No, that is your interpretation, an overreaching interpretation.
Neither the C or C++ standard mentions "store instruction". The C++
standard talks about "accesses" of "stored values". It never talks
about a processor, assembly, or "store instructions" in the context of
volatile. In fact, the C standard, which the C++ standard incorporates
in large part (both technically and in spirit), specifically says that
volatile accesses and "visible aspects of the abstract machine" are
inherently implementation specific and implementation defined.

And your argument is still irrelevant. (Nearly) all compiler writers
and (nearly?) all compiler implementations disagree with this
interpretation, and what the compilers actually do is all that matters
at the end of the day. volatile has no place as a synchronization
construct in portable code. None.


--
[ See http://www.gotw.ca/resources/clcm.htm for info about ]
[ comp.lang.c++.moderated. First time posters: Do this! ]

From: James Kanze on
On Mar 25, 7:10 pm, George Neuner <gneun...(a)comcast.net> wrote:
> On Thu, 25 Mar 2010 00:20:43 CST, Andy Venikov

[...]
> As you noted, 'volatile' does not guarantee that an OoO CPU will
> execute the stores in program order ...

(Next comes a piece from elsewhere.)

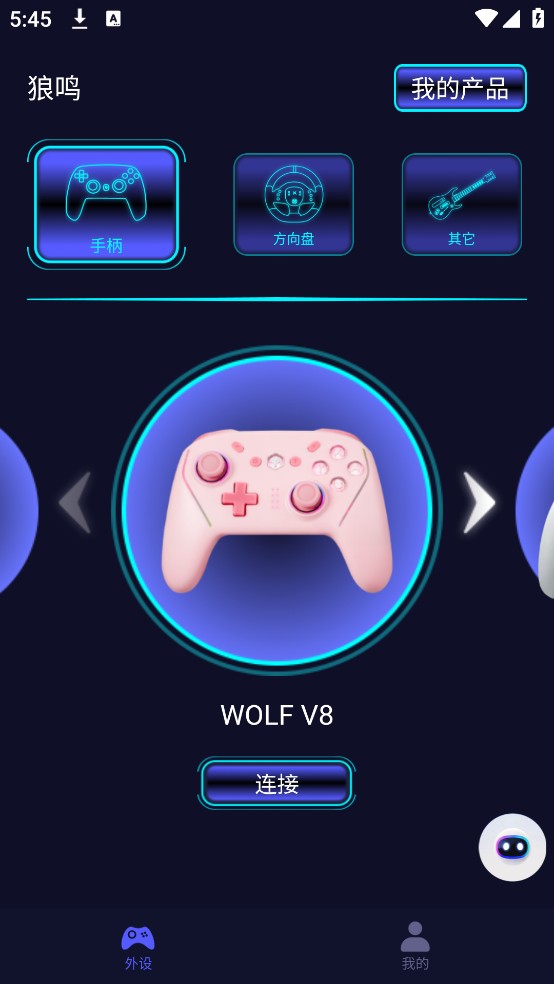 狼鸣手柄app截图4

Arguably, the original intent was that it should. But it
doesn't, and of course, the ordering guarantee only applies to
variables actually declared volatile.

> for that you need to add a write fence between them. However,
> neither 'volatile' nor write fence guarantees that any written
> value will be flushed all the way to memory - depending on
> other factors - cache snooping by another CPU/core, cache
> write back policies and/or delays, the span to the next use of
> the variable, etc. - the value may only reach to some level of
> cache before the variable is referenced again. The value may
> never reach memory at all.

If that's the case, then the fence instruction is seriously
broken. The whole purpose of a fence instruction is to
guarantee that another CPU (with another thread) can see the
changes. (Of course, the other thread also needs a fence.)

> OoO execution and cache behavior are the reasons 'volatile'
> doesn't work as intended for many systems even in
> single-threaded use with memory-mapped peripherals.

The reason volatile doesn't work with memory-mapped peripherals
is because the compilers don't issue the necessary fence or
membar instruction, even if a variable is volatile.

--
James Kanze

--
[ See http://www.gotw.ca/resources/clcm.htm for info about ]
[ comp.lang.c++.moderated. First time posters: Do this! ]

From: James Kanze on
On Mar 25, 6:20 am, Andy Venikov <swojchelo...(a)gmail.com> wrote:
> Joshua Maurice wrote:
> > On Mar 21, 2:32 pm, Andy Venikov <swojchelo...(a)gmail.com> wrote:
> <snip>
> Here's a brief example that I hope will put this issue to rest:

It does, but not in the way you seem to think:-).

> volatile int n;

> n = 5;
> n = 6;

> volatile guarantees (note: no interpretation here, it's just
> what it says) that the compiler will issue two store
> instructions in the correct order (5 then 6).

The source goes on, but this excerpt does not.